BBC World Service
Thursday 12 July, 12 pm and the last World Service broadcast from Bush House is about to happen: a simple, six-minute news bulletin. “We were planning a small, quiet gathering,” yells a senior producer wedged in the door of the rammed production room.
The atmosphere is of a benign 1980s party – dancing round a record player and paté. The feeling that one might at any minute be buried alive in cashew nuts.
On the way up, through the 90-year-old lobby with its polished rosewood panelling, all the World Service paraphernalia is being removed – banners and posters trolleyed out by Lithuanians from Facilities in high-viz jackets. A screen remains, broadcasting BBC World News. Rain in Melbourne. Footage of 50 years of Mick Jagger vigorously corrupting the camera. Staff and ex-staff keep on arriving with their children and their children’s children for a broadcast that has now become a bit of a rave-up, the clamour at one minute to midday verging on hysterical.
Behind me, a woman who organised the presenter roster in 1978 remembers the glory days of the building’s 42 different language services (there are now 27). Fantastically weird food in the staff canteen, she says. The broadcast itself, when it comes, is nothing fancy – floods in Japan and controversy over the assailed foreskins of the infant circumcised – but is concluded with a florid, John of Gauntish pre-recorded message from Mark Thompson: “This benign tower of Babel . . . this building that brought freedom to the world . . .”
Off air, Peter Horrocks, head of the World Service, more sensibly stands up and promises “a gleaming new digital centre” at Broadcasting House up the road and praises the old studio manager (“Bob is also a very talented photographer and has taken some lovely photos of
Someone reads a poem they’ve written especially for the event that ends, “The World Service goes on/just not from here”. It’s an exquisitely modest do.

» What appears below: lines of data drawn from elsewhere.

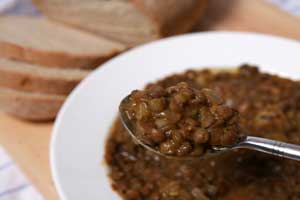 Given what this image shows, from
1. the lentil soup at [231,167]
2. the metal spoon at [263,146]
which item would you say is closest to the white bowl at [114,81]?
the lentil soup at [231,167]

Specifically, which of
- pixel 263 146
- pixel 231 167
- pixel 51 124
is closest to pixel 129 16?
pixel 51 124

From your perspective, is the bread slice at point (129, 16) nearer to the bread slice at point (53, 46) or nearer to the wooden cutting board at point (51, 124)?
the bread slice at point (53, 46)

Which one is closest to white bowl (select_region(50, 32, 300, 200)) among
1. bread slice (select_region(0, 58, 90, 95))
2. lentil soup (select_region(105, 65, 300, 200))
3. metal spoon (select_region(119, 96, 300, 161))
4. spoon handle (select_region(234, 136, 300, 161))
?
lentil soup (select_region(105, 65, 300, 200))

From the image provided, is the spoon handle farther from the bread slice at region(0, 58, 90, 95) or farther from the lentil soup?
the bread slice at region(0, 58, 90, 95)

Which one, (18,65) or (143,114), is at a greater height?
(143,114)

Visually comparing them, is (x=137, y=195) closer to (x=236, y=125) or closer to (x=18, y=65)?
(x=236, y=125)

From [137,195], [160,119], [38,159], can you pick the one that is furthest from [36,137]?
[160,119] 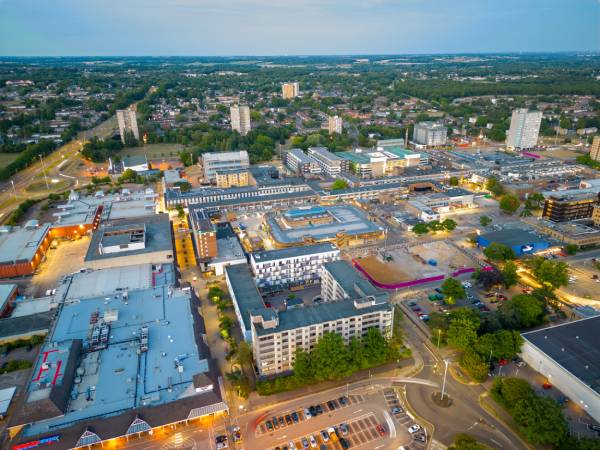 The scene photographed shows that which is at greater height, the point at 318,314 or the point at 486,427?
the point at 318,314

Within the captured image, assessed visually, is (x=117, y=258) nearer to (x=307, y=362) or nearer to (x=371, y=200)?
(x=307, y=362)

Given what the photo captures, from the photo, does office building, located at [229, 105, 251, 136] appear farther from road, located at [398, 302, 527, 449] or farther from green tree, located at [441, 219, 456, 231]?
road, located at [398, 302, 527, 449]

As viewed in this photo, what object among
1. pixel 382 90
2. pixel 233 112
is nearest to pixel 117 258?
pixel 233 112

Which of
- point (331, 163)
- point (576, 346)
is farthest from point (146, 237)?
point (576, 346)

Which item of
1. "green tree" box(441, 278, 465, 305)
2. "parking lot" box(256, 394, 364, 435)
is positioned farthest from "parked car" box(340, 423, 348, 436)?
"green tree" box(441, 278, 465, 305)

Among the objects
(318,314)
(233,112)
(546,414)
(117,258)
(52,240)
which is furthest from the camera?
(233,112) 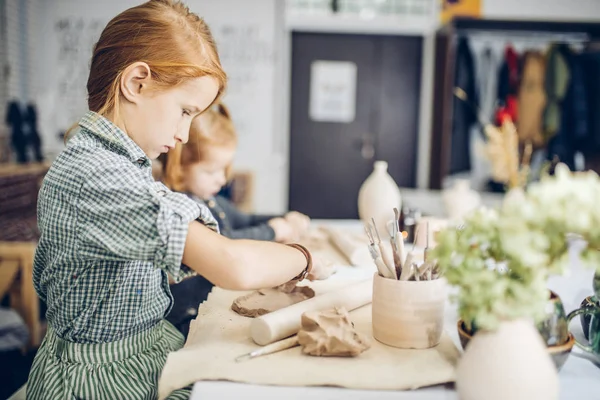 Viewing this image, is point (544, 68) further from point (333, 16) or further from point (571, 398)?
point (571, 398)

A school prize-giving. Even with its regular 180 million listeners, the World Service is an institution that has – so coolly, so admirably but one could argue at a cost – refused to beat its own drum.
Outside, the corridors are convincingly silent. Polished marble walls and small, elegantly suspended brass clocks. “The most expensive building in the world,” it was called in 1923, when it opened as an American business hub – it was never built for making radio and only ever meant to be a temporary base during the war when the service was forced from its first home, a converted ice-rink in Maida Vale. Until now, the World Service has never operated from a place actually constructed to broadcast, its staff making do in subterranean studios that smelled vaguely, I used to think whenever I occasionally went into one, like a really good margarita: sweat and old carpet.
Later, in the deco-petite lift down to the exit a blonde woman pushing a child in a stroller stands next to a blind man with a large Alsatian guide dog and an Angolan in a brown and cream kaftan carrying a mysteriously stuffed briefcase, like a blazon of busyness. The scene is so touchingly World Service I have to pull an earring until it stings, trying to force my sad face into some rational shape.